Key points Question Can open-label placebos (OLP) reduce antidepressant discontinuation symptoms in patients with remitted major depression?
Findings This series of N-of-1 trials in 25 patients, over 8 weeks following antidepressant discontinuation, found small effects of OLP vs no treatment in reducing discontinuation symptoms. While the overall treatment effect did not reach the threshold of clinical meaningfulness, 38% of patients experienced a small benefit.
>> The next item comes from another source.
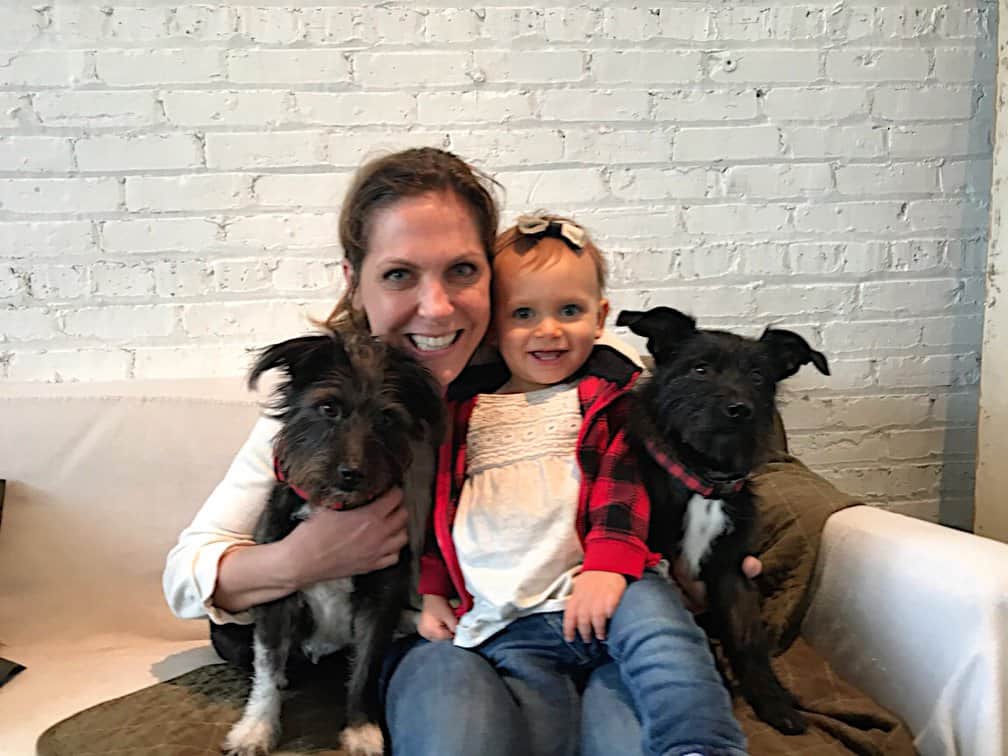 Трио Фонда Животных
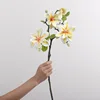 Magnolia West Lake - Giallo Latte Chiaro - 60 cm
Discontinuation symptoms were mostly mild, with few exceptions, and diminished over time.
Meaning These findings support the use of personalized approaches and suggest that open-label placebos may be beneficial for antidepressant discontinuation symptoms in some patients.
Importance Antidepressant discontinuation symptoms are highly prevalent and can be severe. Interventions leveraging the placebo effect have the potential to alleviate symptoms and facilitate the discontinuation process.
Objective To evaluate the efficacy of open-label placebo (OLP) in reducing antidepressant discontinuation symptoms.
Design, Setting, And Participants A series of randomized, single-blinded, N-of-1 trials of OLP vs no treatment in an alternating order (ABAB, BABA). Patients with remitted major depressive disorder, reporting moderate to severe discontinuation symptoms after successful antidepressant discontinuation with state-of-the-art clinical supervision were enrolled between December 2021 to December 2023.
Interventions The OLP treatment consisted of a standardized verbal and written rationale and twice-daily placebo intake for two-week periods alternating with no treatment during the eight-week N-of-1 trial.
Main Outcomes and Measures The primary outcome was discontinuation symptoms assessed twice daily by the Generic Rating Scale of Treatment Effects (0-10, with higher scores indicating greater discontinuation symptoms). Secondary outcomes were symptom expectations and depressive symptoms. Bayesian mixed models of individual and aggregated N-of-1 trial data were used to estimate posterior probabilities of treatment effect differences across different thresholds (>0 superior; ≥0.2 small effect; ≥0.8 clinically meaningful effect). Analyses were conducted as intention-to-treat.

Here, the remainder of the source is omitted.